A. U.S. Steel's Employment Agreement and Policies
U.S. Steel operates a steel manufacturing facility in Gary, Indiana. [DE 23-1 at ¶ 2]. The employees that work at this facility are exposed to a wide range of safety risks that have the potential to cause injury. Id. at ¶ 6. In order to protect these employees, a Basic Labor Agreement ("BLA"), which contains terms of employment for U.S. Steel's production and maintenance employees, was agreed upon between U.S. Steel and the United Steelworkers of America ("USW"). Id. at ¶ 4. The BLA contains provisions that grant U.S. Steel the exclusive right to manage the business and direct the working forces, the ability to discipline and discharge employees, the right to set the hours of work, and provisions for various safety and health concerns, including preventing alcohol and drug abuse. Id. at ¶ 5; [DE 23-2; DE 23-3]. The BLA also contains a provision that prohibits discrimination against employees on the basis of their race, color, religious creed, national origin, citizenship, handicap, or sex. [DE 23-2 at 13-14].
In light of the fact that the potential for accidents and injury increases when U.S. Steel employees are impaired by drugs or alcohol during work hours, U.S. Steel has established a policy to keep its workplace free from drugs and alcohol. [DE 23-1 at ¶ 7, DE 23-4 at 3-5]. As part of this policy, and as a condition of employment, U.S. Steel requires all prospective employees to have a pre-placement physical, which includes submitting urine and hair samples to the medical staff at U.S. Steel, in accordance with U.S. Steel's drug and alcohol testing procedures. [DE 23-1 at ¶ 9]. These procedures were created by Psychemedics Corporation, and include the collection of hair samples for drug testing. Id. at ¶ 10; [DE 23-4 at 7-23; DE 23-6 at ¶ 5]. According to U.S. Steel, testing hair is superior to testing bodily fluids for drug use because drug markers are present in hair significantly longer than in urine. [DE 23-6 at ¶ 5].
Newly hired production and maintenance employees at U.S. Steel are required to serve a probationary period for the first 1,040 hours of actual work and they receive no continuous service credit during this period. [DE 23-1 at ¶ 13; DE 23-7 at 9-10]. The probationary period allows U.S. Steel to determine whether a new employee can both perform the necessary work in a satisfactory manner and comply with U.S. Steel rules, policies, and procedures. [DE 23-1 at ¶ 14]. The BSA requires employees to submit to periodic drug and alcohol testing during their probationary period. Id. at ¶ 12. Probationary employees may be discharged by U.S. Steel, provided that their discharge does not violate provisions in the BLA. Id. at ¶ 15. In such cases, probationary employees have access to a grievance and arbitration procedure set forth in the BLA. Id.
B. Brock's Employment with U.S. Steel
Brock's employment with U.S. Steel began on September 10, 2007; however, prior to employment, Brock was required to pass a pre-placement physical. [DE 23-1 at ¶¶ 18, 20]. On August 17, 2007, Brock completed his pre-placement physical. Id. at ¶ 19; [DE 23-7 at 6]. At his physical, a hair sample was taken from Brock's underarms due to a lack of hair on his head. [DE 23-6 at ¶ 8; DE 23-7 at 7]. Brock was instructed to let his hair grow to at least one and a half inches in length for future testing. [DE 23-6 at ¶ 9]. On two subsequent occasions during his probationary period, Brock was tested for drugs. On each occasion, underarm hair had to be collected because he had no hair on his head.

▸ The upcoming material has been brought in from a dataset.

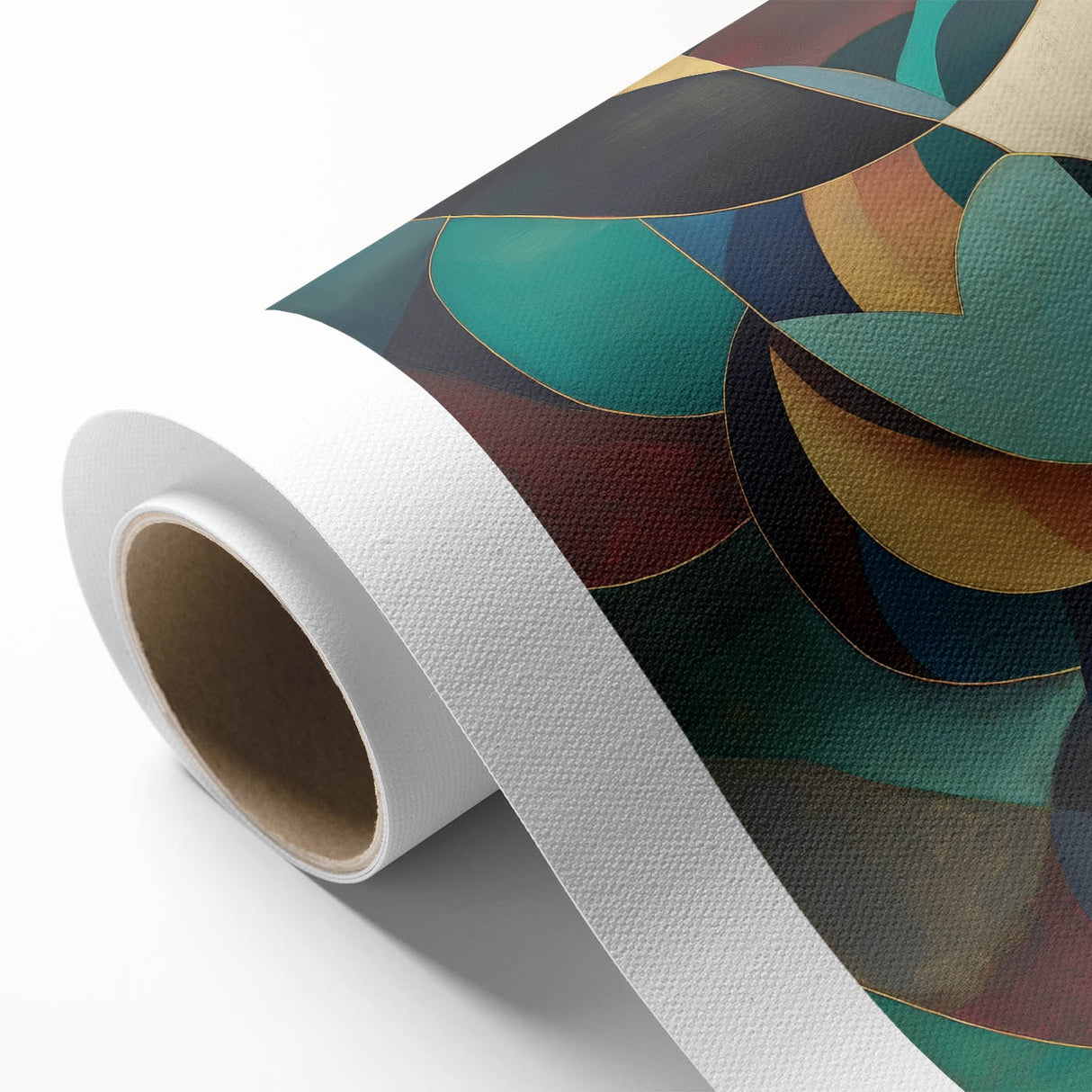 Abstract geometric design on rolled canvas featuring vibrant colors and dynamic shapes. Ideal for modern home decor, this artwork adds a contemporary touch to any space.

Id. at ¶ 11; [DE 23-7 at 17-18]. The notes from Brock's fourth drug test state that no hair could be collected because Brock had no head, underarm, leg, or pubic hair. [DE 23-6 at ¶ 12; DE 23-9 at 5]. On the first day of his employment, Brock received a copy of the BLA, as well as other U.S. Steel policies. [DE 23-7 at 6, 9, 12-13]. These materials included provisions on U.S. Steel's policies prohibiting discrimination and policies designed to promote a drug-free workplace. See [DE 23-2; DE 23-3].

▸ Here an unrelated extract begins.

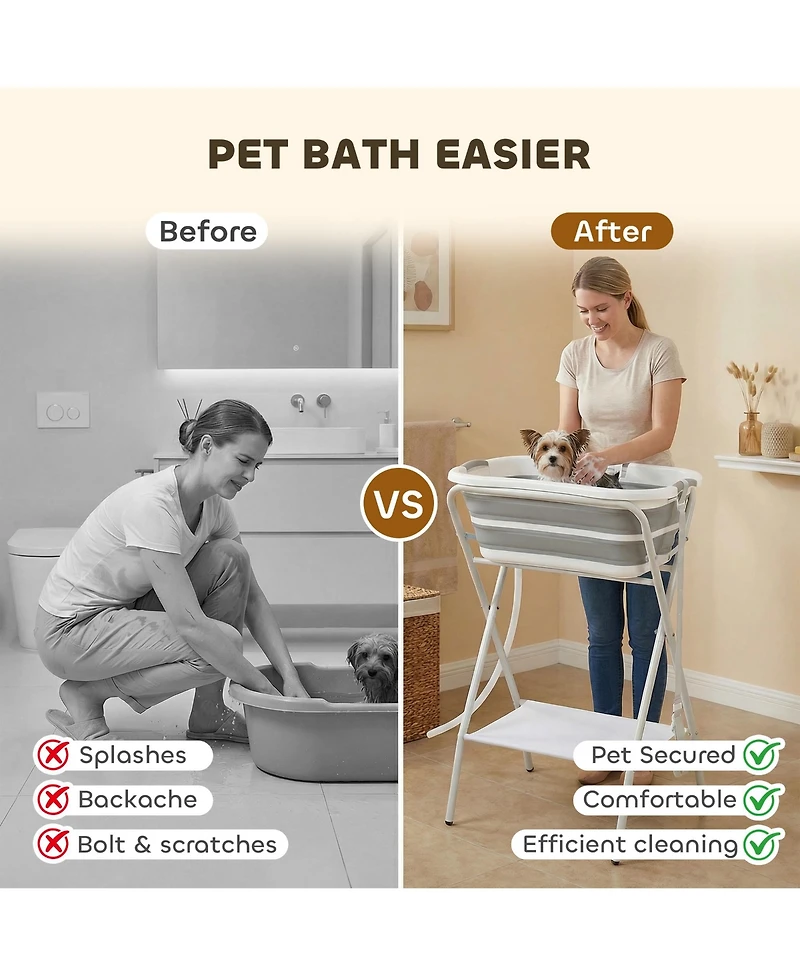 PawHut Dog Bath Tub Dog Washing Station Elevated Foldable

Brock was hired as a Utility Person (Labor Grade 1). He worked in the Iron Producing Division, and was represented by USW officers William Gray and Scott Craner. [DE 23-1 at ¶¶ 20, 21; DE 23-7 at 9, 13-14, 19, 23]. Brock's immediate supervisor was Process Coordinator David Hardy. [DE 23-1 at ¶ 26; DE 23-7 at 14]. Don Ramsey was another Process Coordinator in the area Brock worked, where Kevin Lemp was the Area Manager of Blast Furnace Operations. [DE 23-1 at ¶ 26]. Brock was assigned to work on the #4 and #6 blast furnaces at U.S. Steel's Gary Works, where he controlled the flow of molten iron from the blast furnace to the ladle cars, along with other general labor functions. [DE 23-1 at ¶ 21; DE 23-7 at 14-15]. These blast furnaces are considered high gas hazard areas. [DE 23-1 at ¶ 21].

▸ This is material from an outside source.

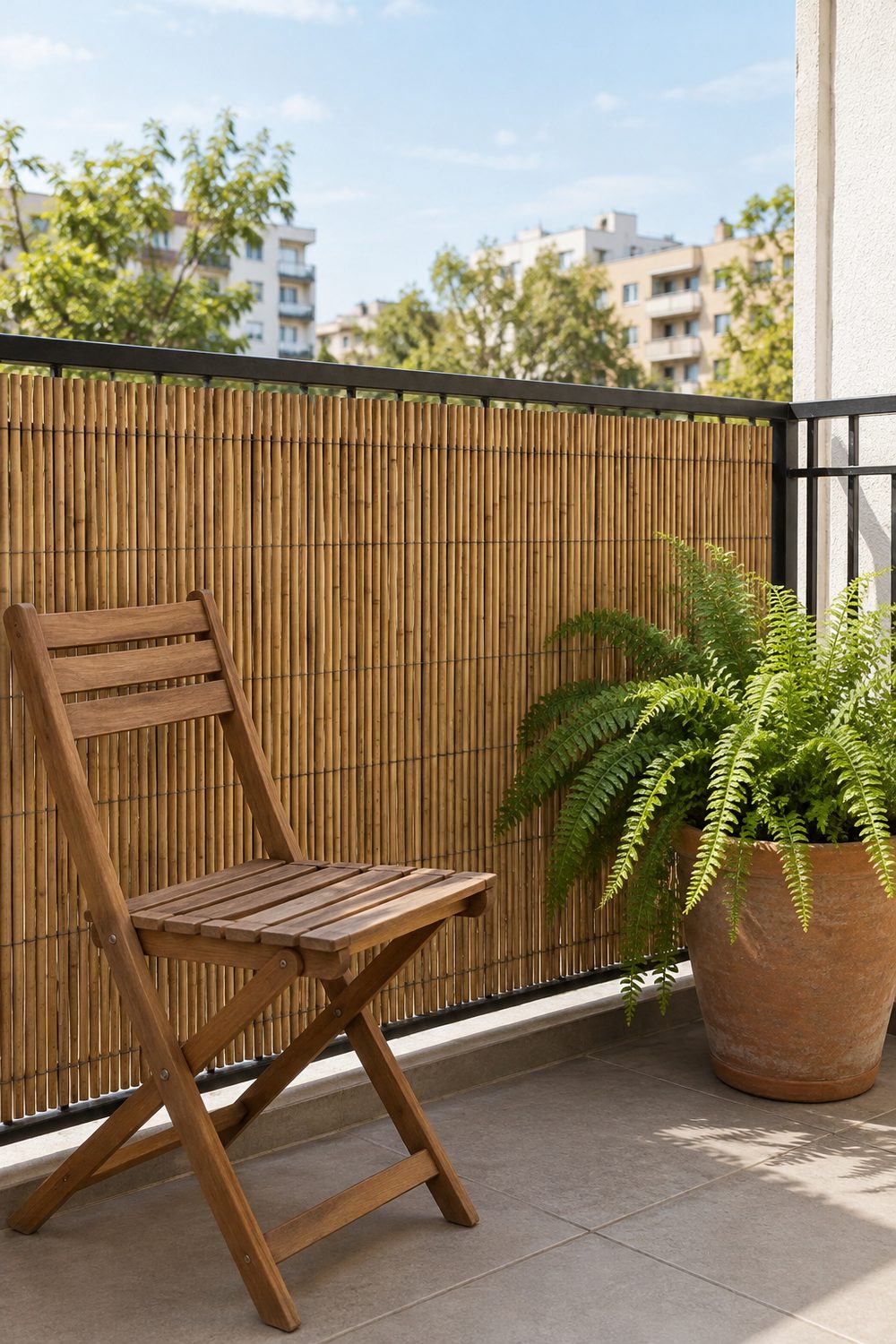Natural bamboo reed privacy screen tied along a black balcony railing behind a wooden folding chair and potted fern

Employees working in high gas hazard areas are required to wear carbon monoxide gas monitors, commonly referred to as "CO" monitors, as part of their personal protective equipment. [DE 23-1 at ¶ 22]. All employees working in high gas hazard areas are also required to conduct daily inspections and calibrate, commonly referred to as a "bump" test, their monitors prior to entering a hazard area. Id. at ¶ 23; [DE 23-5 at 3-7]. This procedure ensures that the equipment responds to gas properly before the employee enters the hazard area. [DE 23-1 at ¶ 24].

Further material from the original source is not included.